> **Records supplied**
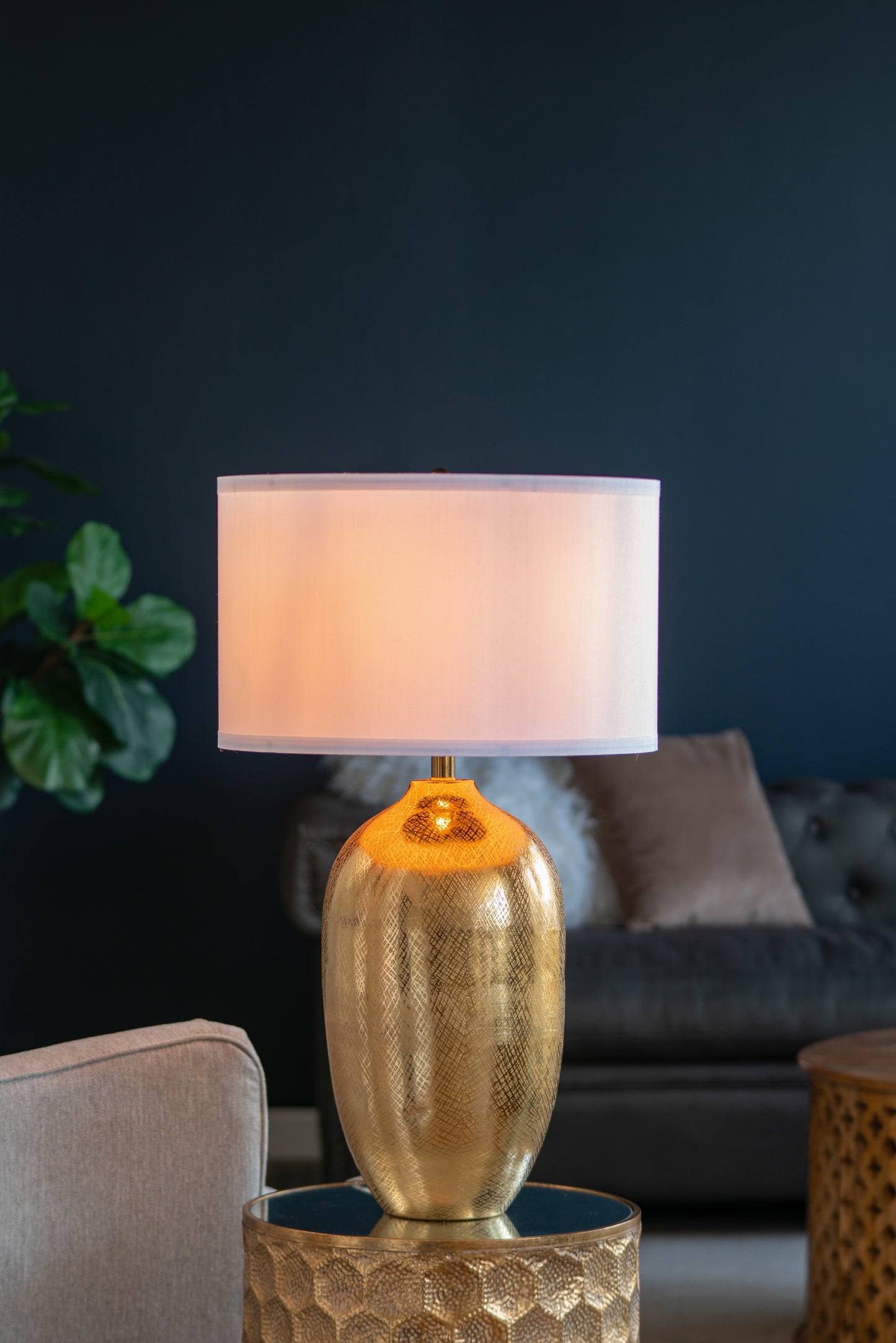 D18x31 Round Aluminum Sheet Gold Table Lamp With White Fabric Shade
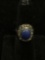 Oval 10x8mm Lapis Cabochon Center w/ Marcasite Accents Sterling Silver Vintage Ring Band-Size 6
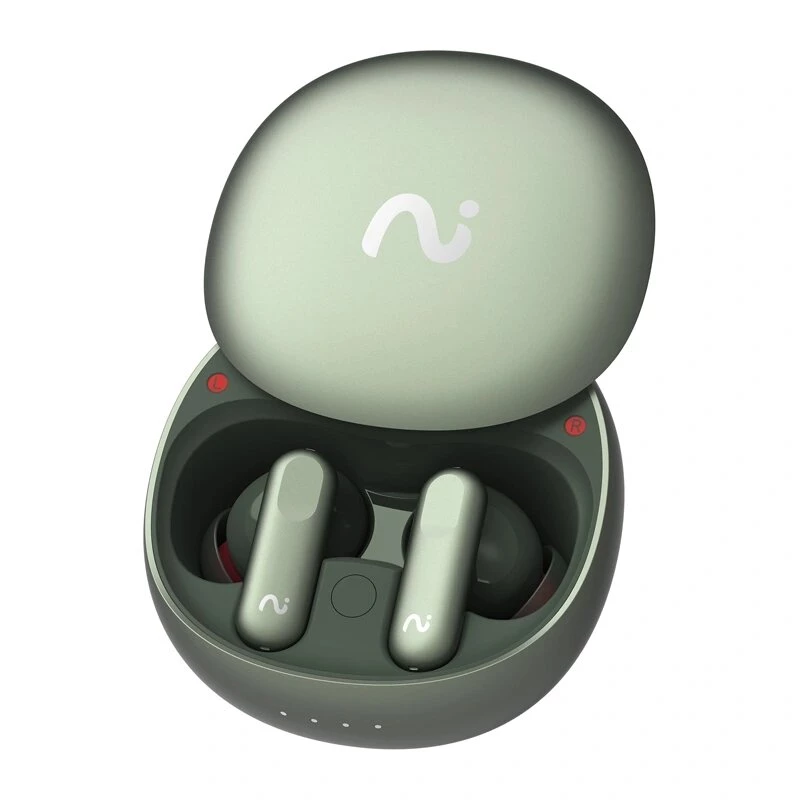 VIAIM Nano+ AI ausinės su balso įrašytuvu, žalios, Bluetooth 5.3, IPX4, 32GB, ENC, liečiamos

==

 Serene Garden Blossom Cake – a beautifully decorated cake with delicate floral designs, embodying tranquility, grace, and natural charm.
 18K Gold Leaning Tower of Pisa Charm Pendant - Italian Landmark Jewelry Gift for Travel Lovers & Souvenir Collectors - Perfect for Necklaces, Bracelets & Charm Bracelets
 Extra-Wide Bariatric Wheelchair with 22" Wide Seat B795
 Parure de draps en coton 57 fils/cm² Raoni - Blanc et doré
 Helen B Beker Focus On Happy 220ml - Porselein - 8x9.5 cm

...

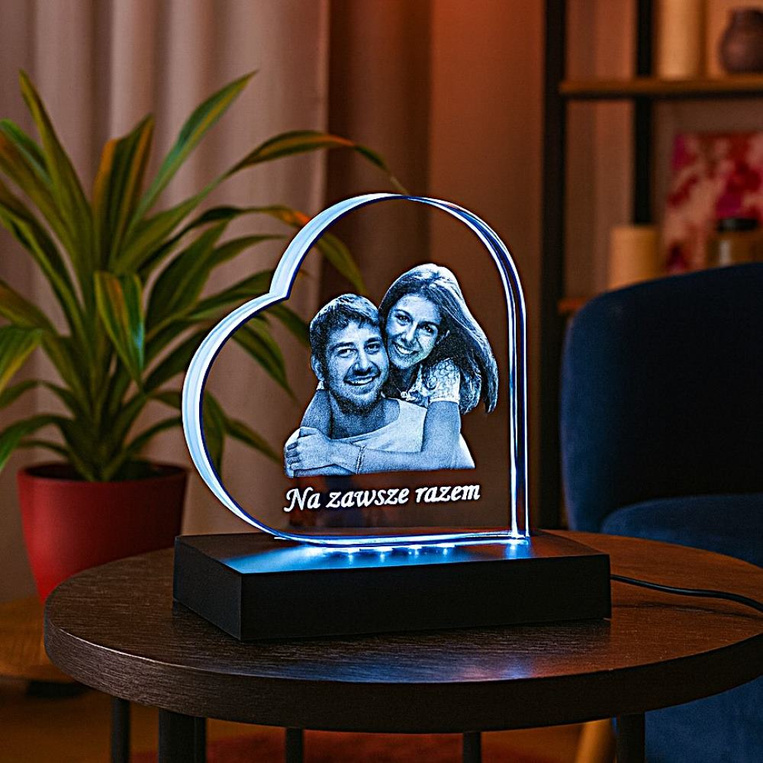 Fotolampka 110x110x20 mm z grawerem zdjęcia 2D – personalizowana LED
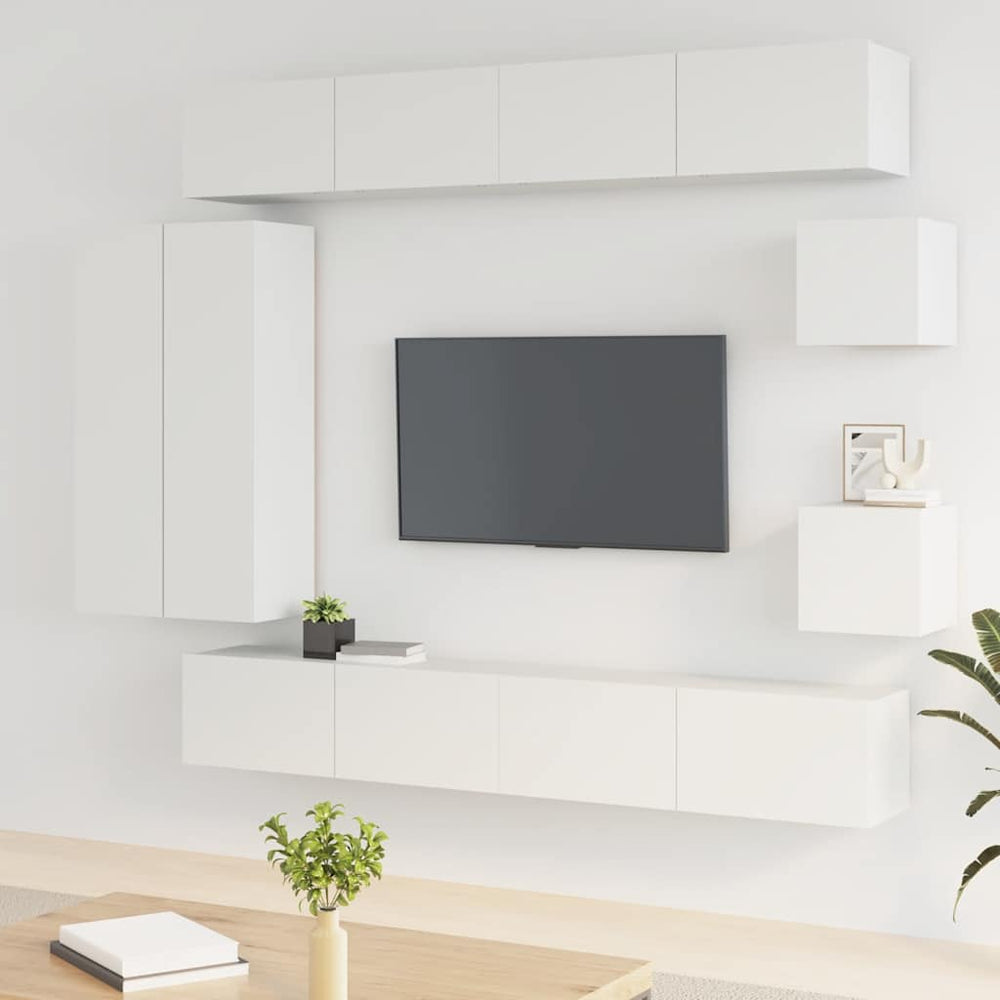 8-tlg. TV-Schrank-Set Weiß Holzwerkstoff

> **What you have to do**
From the listing above, please give again the lines that begin with the line holding "D18x31 Round Aluminum" and go on through the line holding "VIAIM Nano+ AI", exactly, both ends included, minus any picture.

> **Task output**
 D18x31 Round Aluminum Sheet Gold Table Lamp With White Fabric Shade
 Oval 10x8mm Lapis Cabochon Center w/ Marcasite Accents Sterling Silver Vintage Ring Band-Size 6
 VIAIM Nano+ AI ausinės su balso įrašytuvu, žalios, Bluetooth 5.3, IPX4, 32GB, ENC, liečiamos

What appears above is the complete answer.